[About this exercise] Copy, word for word, the lines below from the one containing "Le 'Justin Hawkins" up to and including the one containing "コンバイン ARN320-GDXW 写真３", with pictures left out.

[Working data]
┄┄┄┄┄┄

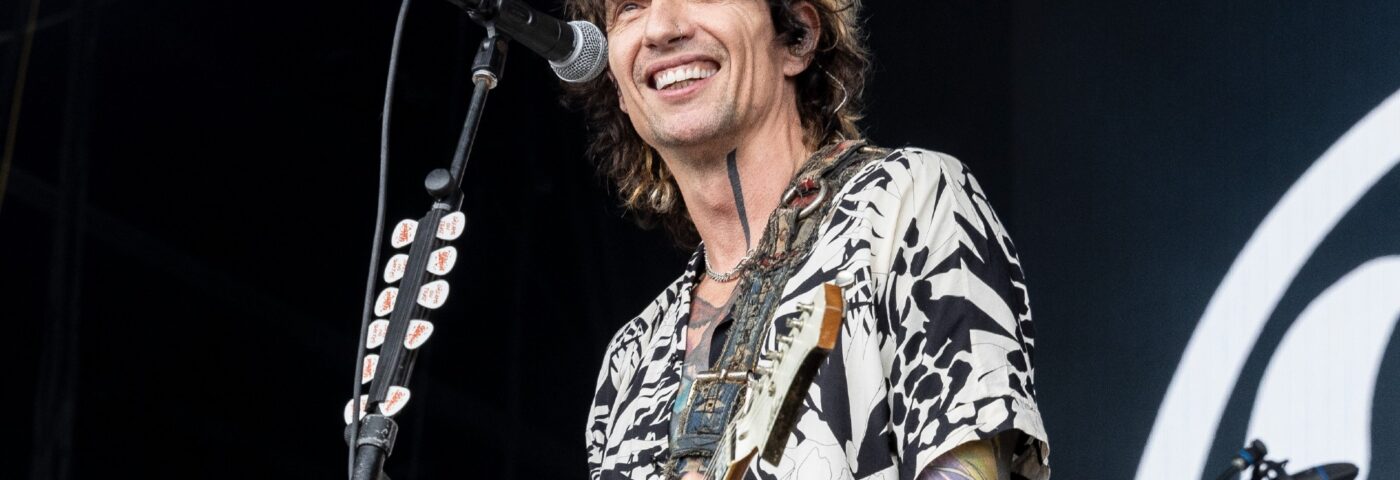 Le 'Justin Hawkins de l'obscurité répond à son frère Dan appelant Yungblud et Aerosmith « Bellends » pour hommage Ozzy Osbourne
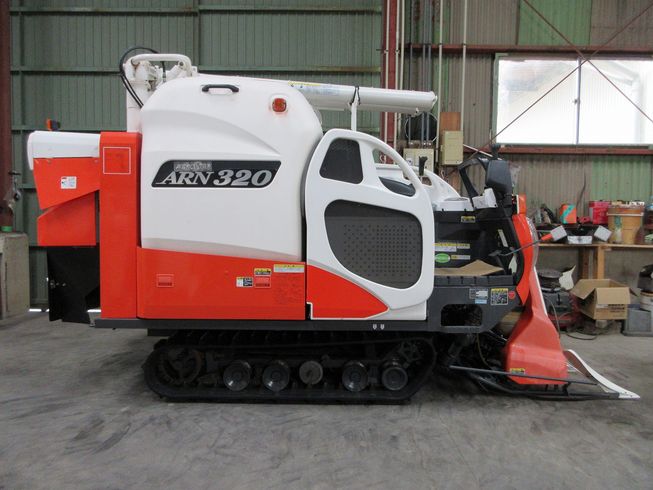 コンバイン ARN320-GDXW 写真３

┄┄┄┄┄┄

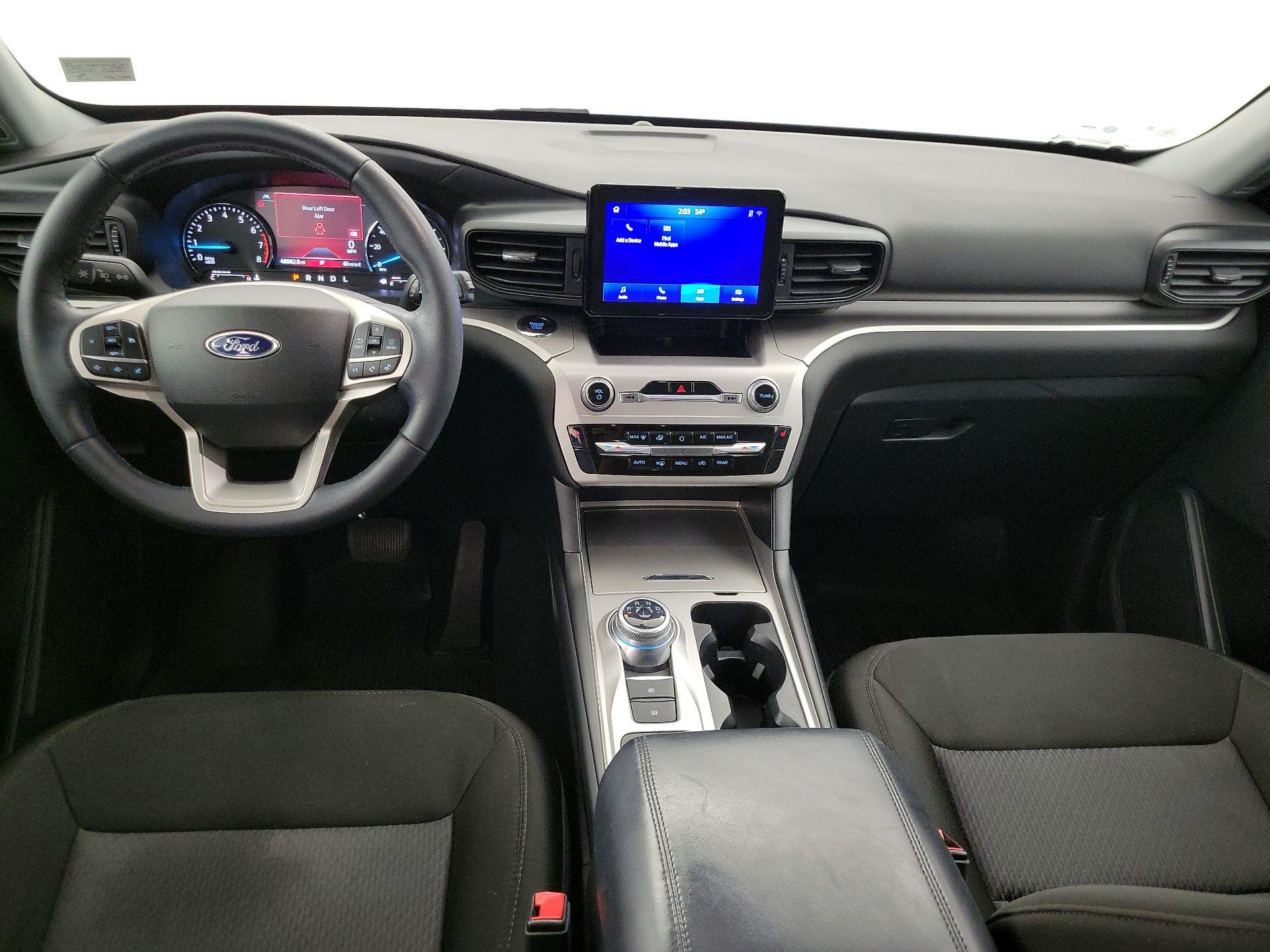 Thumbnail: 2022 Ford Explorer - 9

┄┄┄┄┄┄

[Exercise result]
 Le 'Justin Hawkins de l'obscurité répond à son frère Dan appelant Yungblud et Aerosmith « Bellends » pour hommage Ozzy Osbourne
 コンバイン ARN320-GDXW 写真３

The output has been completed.